En una época en la que creemos saberlo todo, donde hay un masivo acceso a la información, el cine siempre nos ha aliviado de nuestra completa ignorancia a quienes seguimos creyendo que somos unos peregrinos aprendices de la vida. Viendo al abogado Atticus Finch se pueden explicar más conceptos éticos que en muchos tratados de filosofía; asistiendo al final trágico de Duelo al sol llegamos a saber que la muerte podía ser bella, desmedida y suntuosa; en el rostro que Gregory Peck le cedió al terrible Josef Mengele en Los niños del Brasil, conocimos todo el mal de que es capaz un hombre, el elaborado, fatalista, elemental rostro de todo aquello que refleja la existencia del mal y de la cual sólo podemos tener noticia en el sobresalto de una butaca de cine.
Al mito no se llega por la razón, sino por una fe inviolable que se inocula después de muchos libros, de muchas películas de cine, en el desamparo y la soledad de quien aún cree que hay otros mundos que están en éste. Y como todo lo que es fe o fervor apasionado, lo que envuelve al cine contiene un aura de lo enigmático y lo secreto: durante años, muchos fotógrafos del mundo buscaron inútilmente la fotografía de una Greta Garbo anciana y perdida en Nueva York, tan inasequible a los humanos como los dioses del Olimpo; nunca se sabrá ni siquiera con un mínimo de certeza, la causa de la muerte de Marilyn, apresada en los laberintos de la fama o el miedo; a lo largo de muchos años, nadie supo del destino de Marlon Brando, si no es por las magistrales apariciones que hacía de vez en cuando en películas que no hacían sino aumentar su prestigio y su misterio.

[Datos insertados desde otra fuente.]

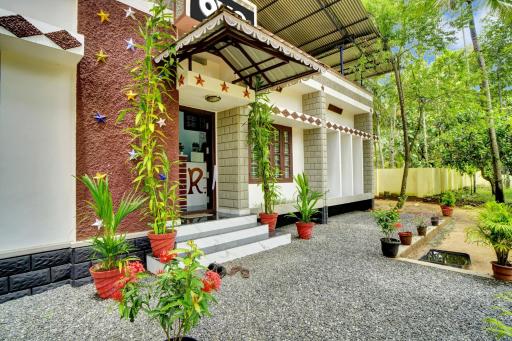 Hotel O Revathy Tourist Home - Housity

Por eso, precisamente, los mitos del cine eran inalcanzables: porque por la calle no paseaban rubias como Marilyn Monroe, ni tipos duros con el aspecto de Humphrey Bogart, y aunque algunos se dedicaran a asaltar bancos o a colgar de una soga al primer forastero que entrara en el pueblo, a nadie le daba por seguir su ejemplo como ahora se hace con las películas de efectos especiales e inexistente carisma. Y porque nunca podríamos sonreír como lo hacía Clark Gable; porque, por mucho que buscáramos en los grandes almacenes, jamás vestiríamos con la elegancia perfecta de Audrey Hepburn. Por eso los necesitábamos; por eso, también, la fatalidad de su desaparición, el dolor por su pérdida.
A una ajada y fascinante Bette Davis, el afortunado director que tuvo la suerte de entregarle el Premio Donostia en San Sebastián, lo hizo postrado de rodillas. Acaso sea ésta la mejor imagen que defina al cine: la de un arte que tiene mucho de religión, de culto, de convencimiento. Cuando en sus últimos años, Gregory Peck apareció en el escenario del festival de Cannes, todos los asistentes se pusieron de pie y aplaudieron durante muchos minutos, rendidos ante la simple presencia de un hombre respetable y respetado, ya ajeno al olvido, tocado por ese halo que sólo el arte puede conceder. William Blake entrevió un cielo donde sólo era posible la salvación por la inteligencia, la ética y el arte. Las dos primeras virtudes las intuyo en Gregory Peck; la tercera, la afirmo.